■ **GIVEN DATA**
┌──

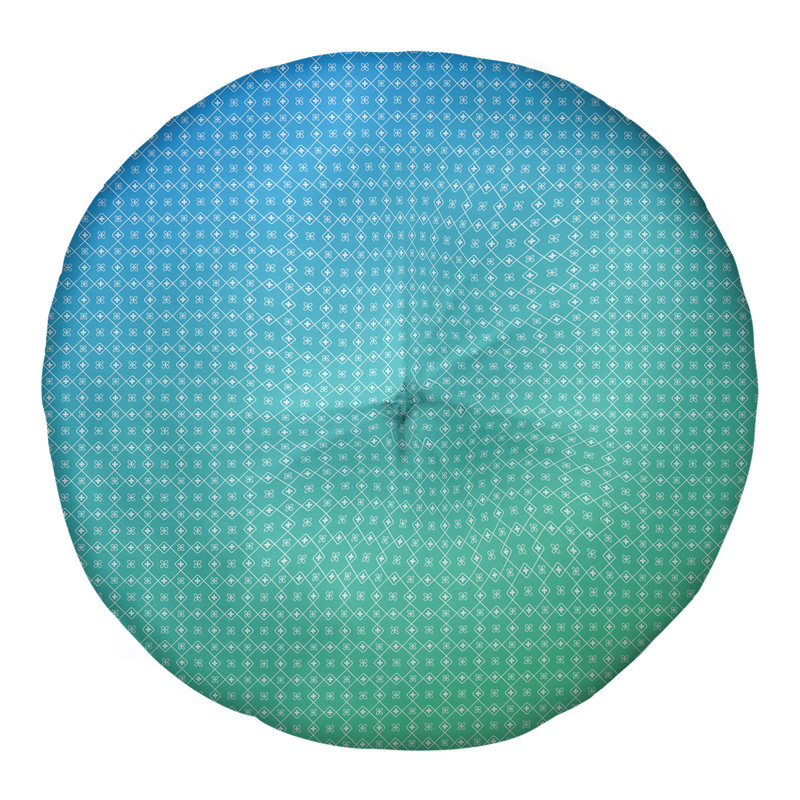 Coussin de sol Katelyn Elizabeth, 26 po x 26 po, Bleu / Vert foncé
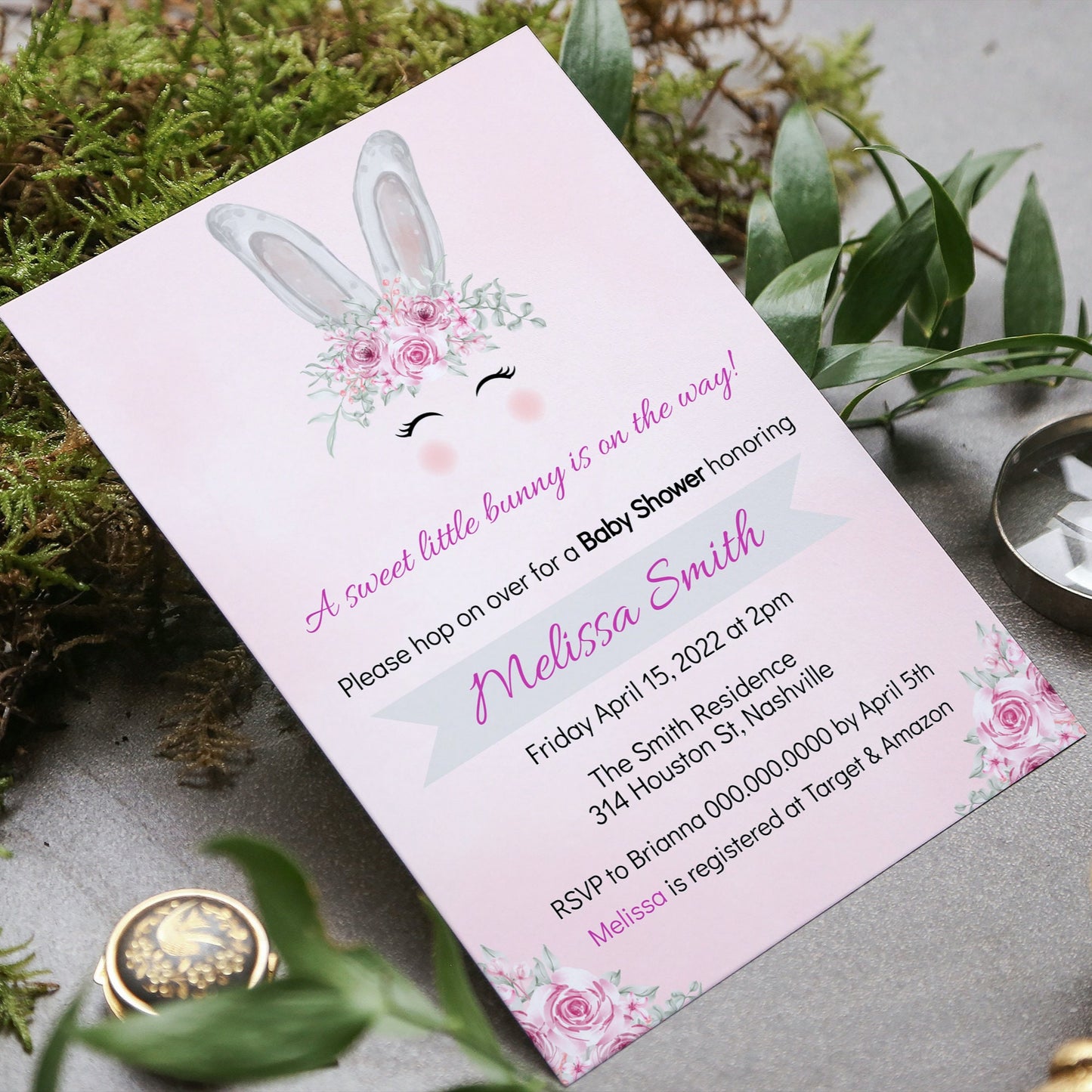 Easter Bunny Baby Shower Invitation Template, Bunny Girl Baby Shower Invite, Editable Template, Instant Download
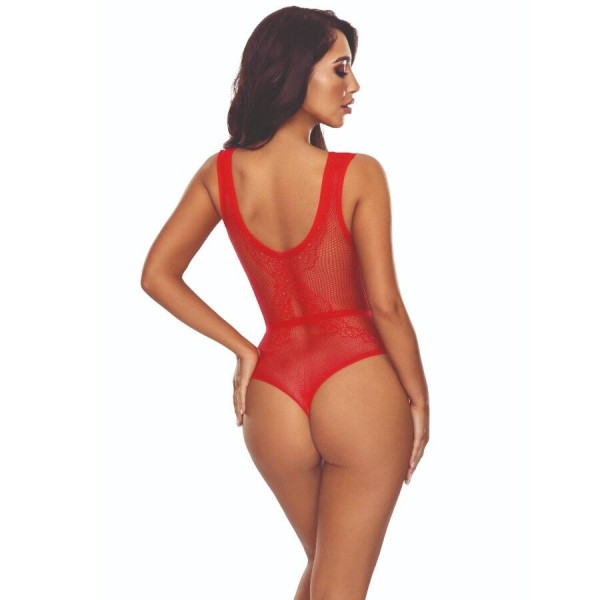 PASSION - BS115 BODYSTOCKING GRID ROUGE PASSION WOMAN BODYSTOCKINGS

└──

■ **WHAT THE EXERCISE ASKS**
Give again, word for word, only the lines from the line containing "Easter Bunny Baby" through the last line above, both included; leave the pictures out.

■ **SOLUTION FOR THIS PROBLEM**
 Easter Bunny Baby Shower Invitation Template, Bunny Girl Baby Shower Invite, Editable Template, Instant Download
 PASSION - BS115 BODYSTOCKING GRID ROUGE PASSION WOMAN BODYSTOCKINGS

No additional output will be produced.